As per the current WebDriver - W3C Candidate Recommendation the Locator Strategies enlisted are as follows :

  • "css selector" : CSS selector
  • "link text" : Link text selector
  • "partial link text" : Partial link text selector
  • "tag name" : Tag name
  • "xpath" : XPath selector

Snapshot :

Locator Strategies

However, the JsonWireProtocol was once used to support the Locator Strategies enlisted below but currently the documentation clearly states it’s Status as OBSOLETE :

  • class name : Returns an element whose class name contains the search value; compound class names are not permitted.
  • css selector : Returns an element matching a CSS selector.
  • id : Returns an element whose ID attribute matches the search value.
  • name : Returns an element whose NAME attribute matches the search value.
  • link text : Returns an anchor element whose visible text matches the search value.
  • partial link text : Returns an anchor element whose visible text partially matches the search value.
  • tag name : Returns an element whose tag name matches the search value.
  • xpath : Returns an element matching an XPath expression.

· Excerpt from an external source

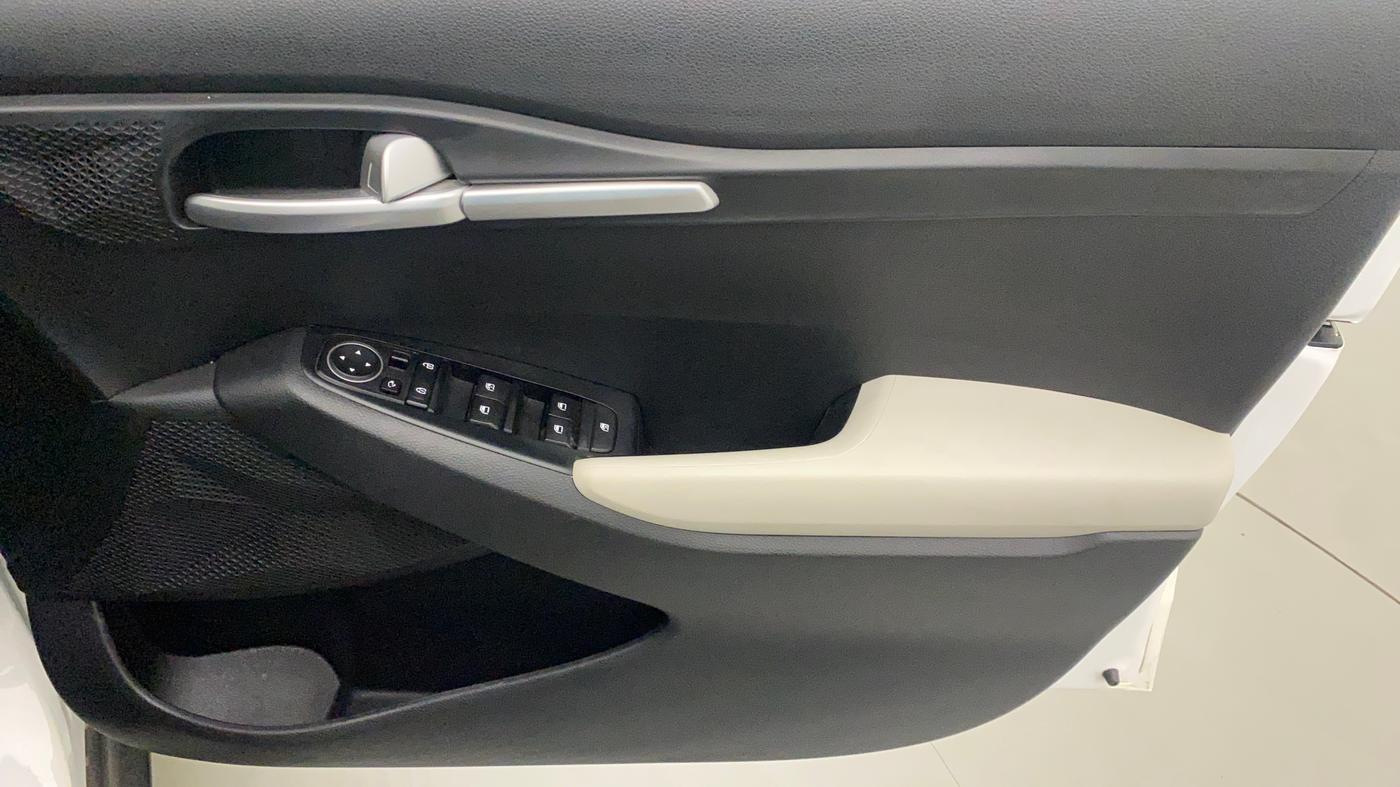2022 KIA SELTOS HTK PLUS 1.5 IMT, Petrol, Manual, 15,712 km, Driver Side Door Panels Control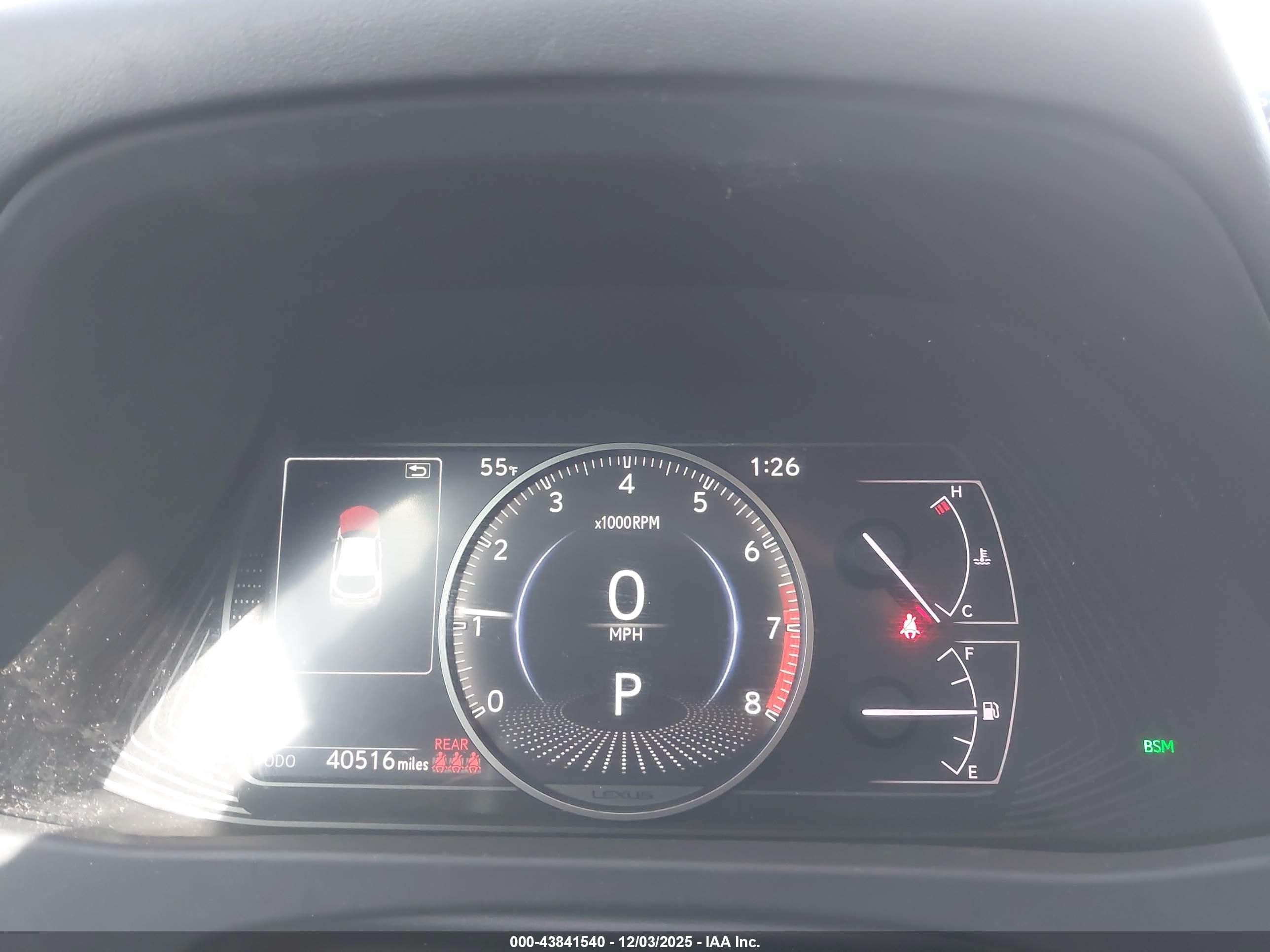 LEXUS UX image 7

The provided XPath expression must be applied to the server “as is”; if the expression is not relative to the element root, the server should not modify it. Consequently, an XPath query may return elements not contained in the root element’s subtree.

Snapshot :

Locator Strategies

The change was propagated through the respective client specific bindings. For the Selenium-Java clients here is the client code where we have the switchcase working for the users :

        switch (using) {
case "class name":
toReturn.put("using", "css selector");
toReturn.put("value", "." + cssEscape(value));
break;
case "id":
toReturn.put("using", "css selector");
toReturn.put("value", "#" + cssEscape(value));
break;
case "link text":
// Do nothing
break;
case "name":
toReturn.put("using", "css selector");
toReturn.put("value", "*[name='" + value + "']");
break;
case "partial link text":
// Do nothing
break;
case "tag name":
toReturn.put("using", "css selector");
toReturn.put("value", cssEscape(value));
break;
case "xpath":
// Do nothing
break;
}
return toReturn;

Snapshot :

JAVA_classname_id_name_tagname

Now, your question must be why this change in the W3C Specs and in the clients. As per #1042 the Answer from the Selenium Factory was pretty straight as :

This keeps the specification simple as these can be implemented using the CSS selector, which maps down to querySelector/querySelectorAll.